I like to think of it as an investment bank. You pay me a percentage of your new business and then after a year or so, I give you the money back. That’s how I invest my money.
The reason this is so interesting is because Abboud has been in business for so long that it’s become a kind of invisible company. Like a company you don’t really think of as a company at all, but you know it when you hear about it. You know it when you see it in the news, or when you read about it in the business press.
The company was founded by a French businessman who wanted to make a hedge fund. When he made the first trade, he found that the risk was too high. So the company found a partner, and the partner invested a lot of money in the company. The company grew so fast that its almost impossible to trace the original founder. All the while, the partners and Abboud’s investors made money. Then they made a trade that made them a lot of money.
Abbouds investors wanted a way to get their money out faster, so they found a way to pay the cost of the trade with interest and then reinvest it in some other company. So the profits of the company are taxed, but they don’t have to pay tax on the interest they earn on the money they made before the trade.

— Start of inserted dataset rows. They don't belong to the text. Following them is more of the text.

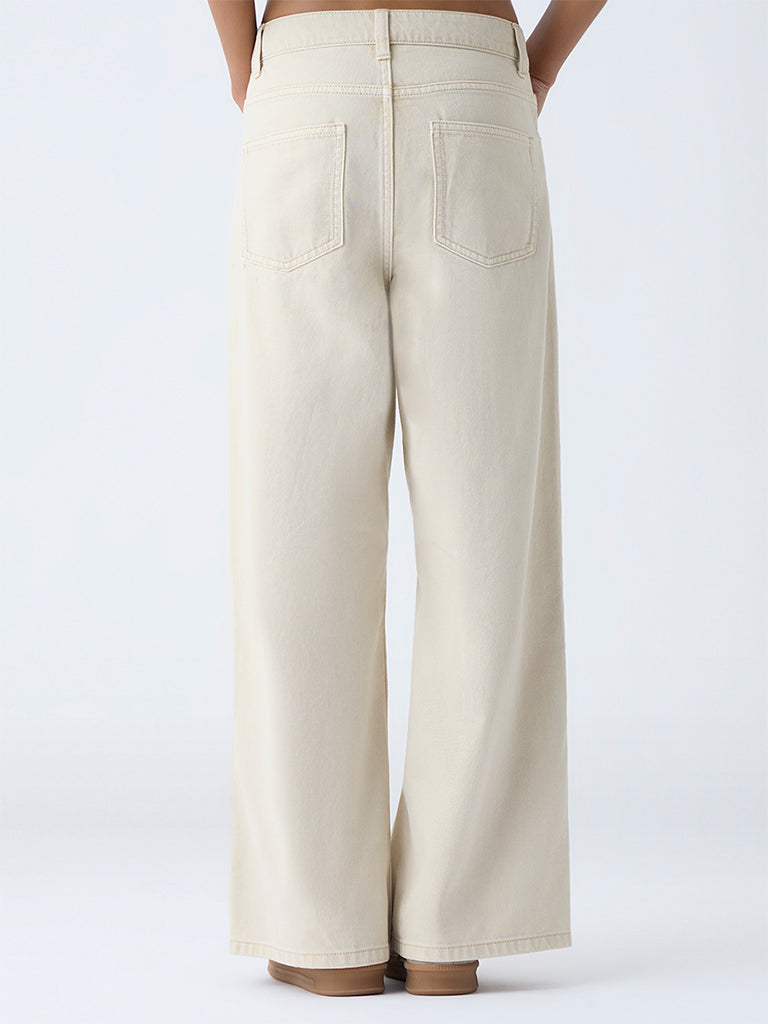 Nuon Beige Wide-Leg High-Rise Jeans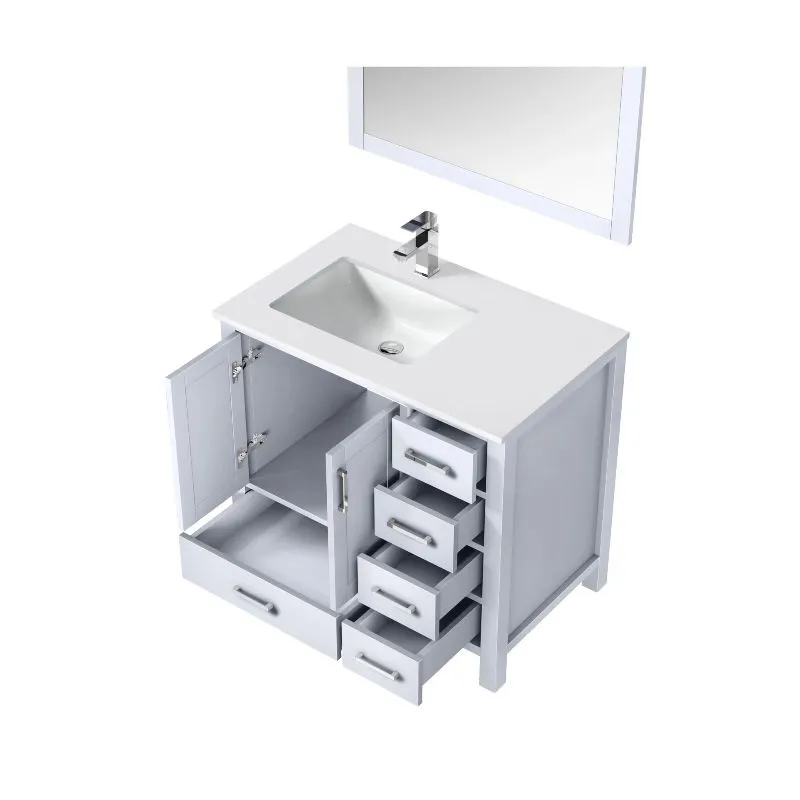 Jacques Modern White 36 Single Sink Vanity with Mirror - Right Version | LJ342236SAWQM34R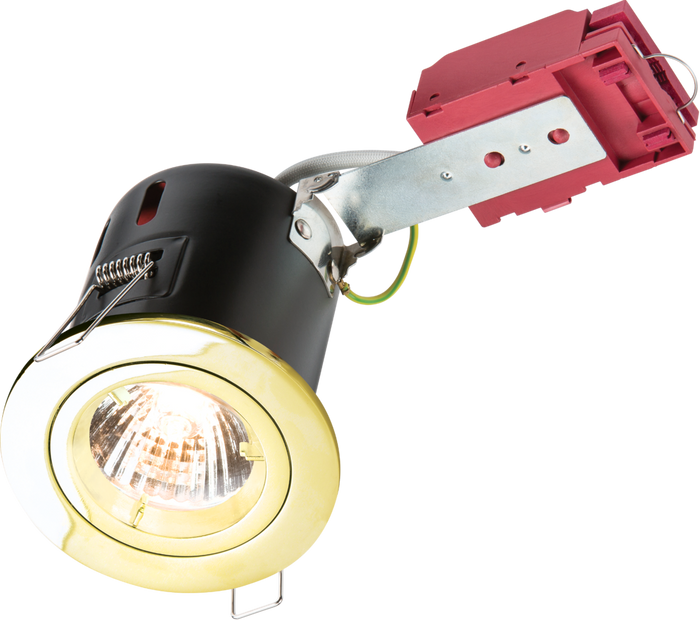 Knightsbridge MLA VFRDGICB 230V IP20 50W Fixed GU10 IC Fire-Rated Downlight in Brass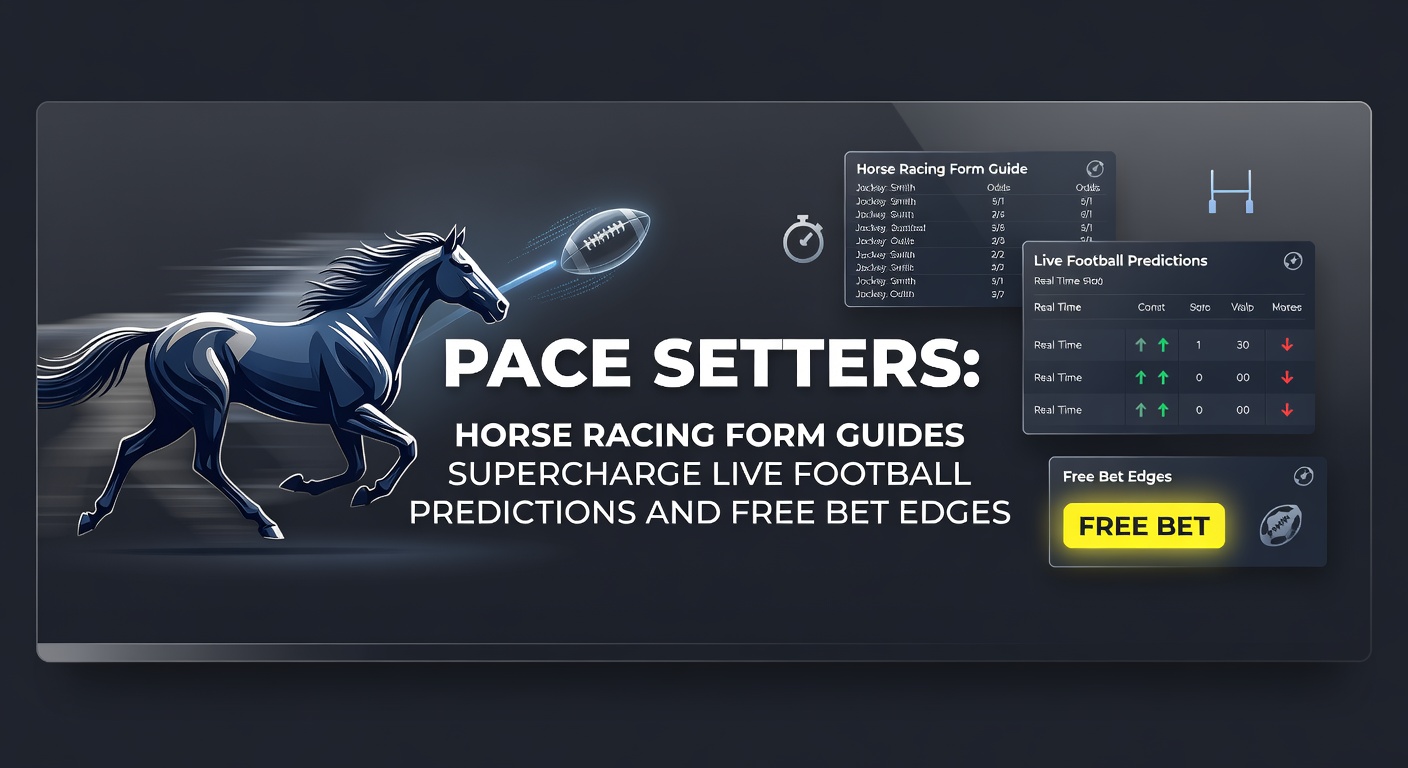 Horse racing pace setters leading the pack at full gallop, with overlaid football pitch action highlighting predictive overlaps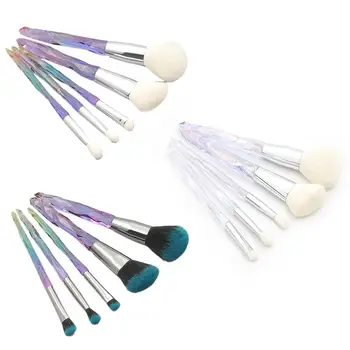 

5Pcs/set Transparent Crystal Makeup Brushes Set Foundation Powder Blush Eyeshadow Concealer Lip Eye Make Up Brush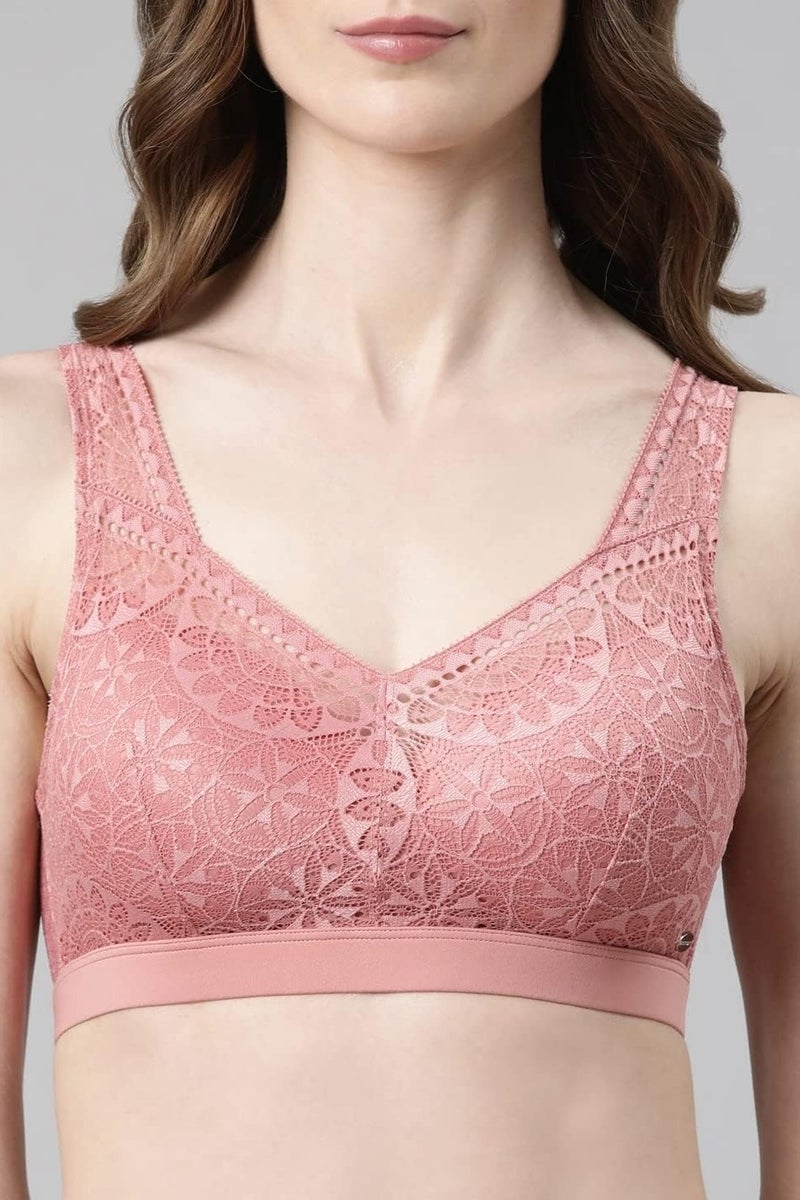 enamor Women Full Covered Non-Wire Casual T-shirt Bra Nylon Blend Dusty Rose - Image 5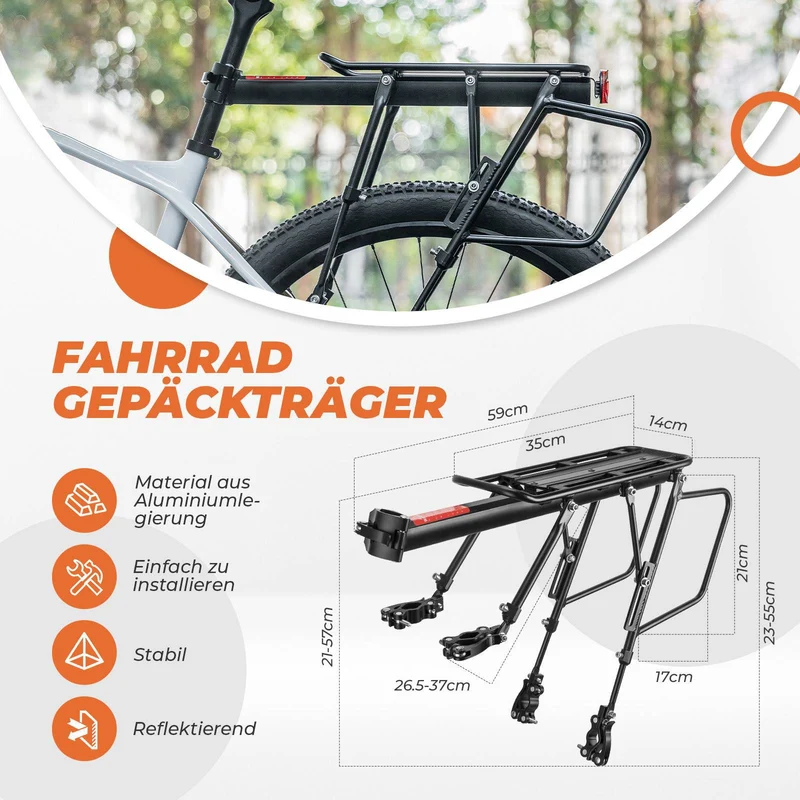 ROCKBROS Fahrrad Gepäckträger Verstellbar mit Schnellspanner 반사판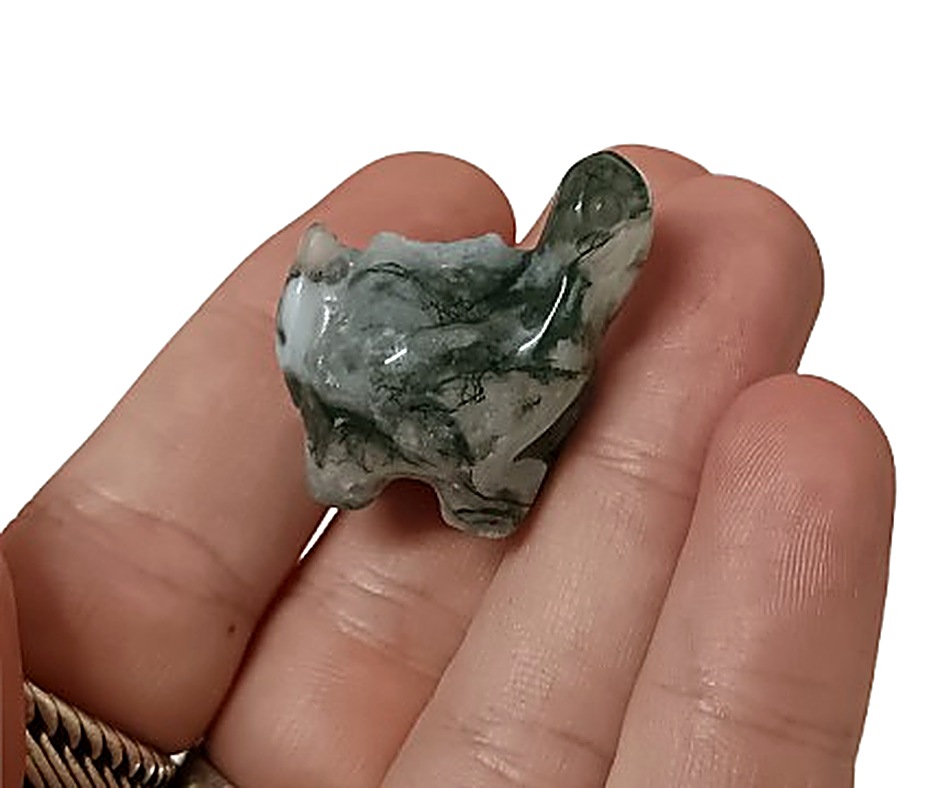 Mini Crystal Dinosaur · Moss agate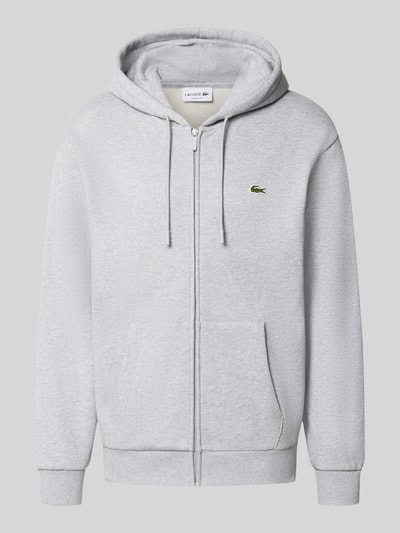 Productfoto, Regular Fit sweatjack van katoenmix van Lacoste in lichtgrijs met gladde structuur, Heren sweatjack van Lacoste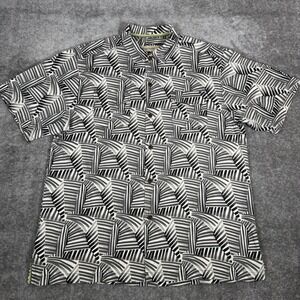 Tommy Bahama Shirt Men's Large Black White Striped Silk Blend Short Sleeve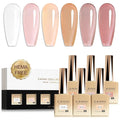 CANNI 9ML Jelly Gel Nail Polish Set, 6 Sheer Nude Shades UV LED Soak Off | Smooth Application • Highly Pigmented • Glossy Finish • Long-Lasting Wear • Nail Art • Salon DIY Manicure • Easy Application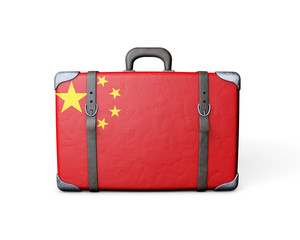 China flag on a vintage leather suitcase. 3D Rendering
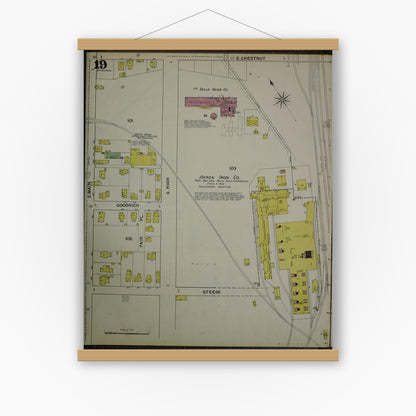 Old map wall art mockup — magnetic wood frame on white wall — Sanborn Fire Insurance Map from Akron, Summit County, Ohio (1892), Sheet #0019
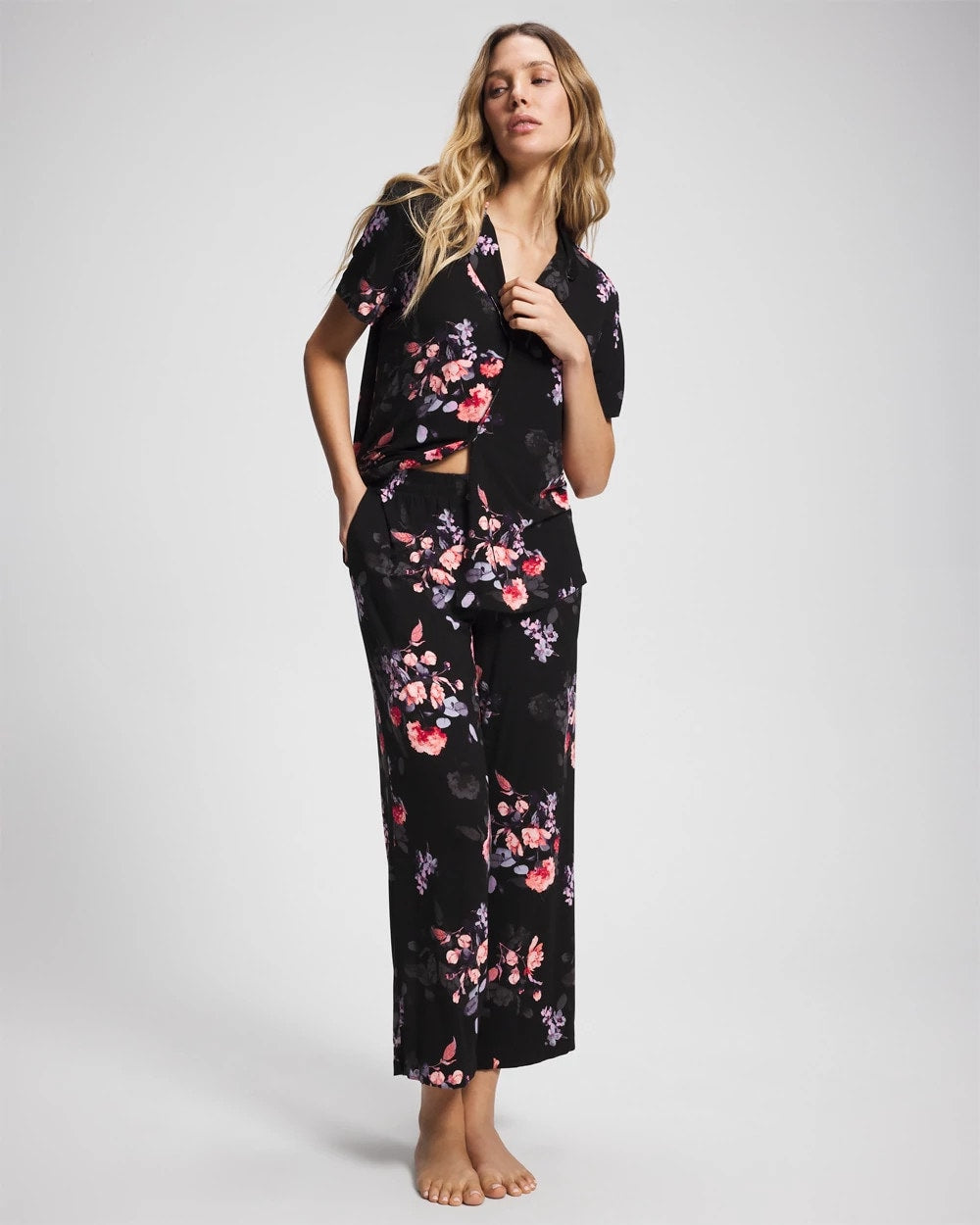 FLORAL DREAMS BLACK Ankle Pajama Pants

The exchange has the same effect on Abbouds investors and the original founder. The original founder reinvesting in the company, and the company reinvesting in other companies that are taxed on their profits, and eventually the company and the original founder are both taxed on the profits they make from that trade. It’s a little confusing because the tax rate on the initial investment is basically the same as the tax rate on the interest they earn on the money they made before the trade.
Abboud Trading has been around since the mid-90’s. The founders (Mike and Jim) were always buying and selling stocks, and the money they made from the trade was reinvested back into the company. They were always buying and selling some other company, too.
When the founder is in the US, you can avoid income taxes by converting cash into US dollars then putting it in a tax-free bank account. When they are abroad, you have to pay taxes on the money you made before you converted it into dollars. In the US, the founder can invest the money in a tax-free bank account, and if he or she wants to reinvest it in a different company, they have to pay income tax on the amount they put in.
We should probably not talk about the tax-free bank accounts any time soon, but it’s a useful example. For the record, a lot of companies actually do pay taxes when they convert their cash into American dollars. But in the US, if you convert your cash into dollars then invest it in a tax-free bank account, you don’t pay income taxes on that money.
In the case of abboud, the money in their bank account might be money that is tax-free (or tax-deferred) because it was put there by the owner of the bank account. For example, if you owned a condo and put $100,000 in your bank account for a tax-free year, you might not pay any Federal income tax on that $100,000.
But in the US, if you invest your money in a tax-deferred bank account and you don’t pay income taxes on it, you would be taxed on your 100,000 as income. No, in the US, you are taxed on that 100,000 as income, and you can’t put it in a tax-free bank account.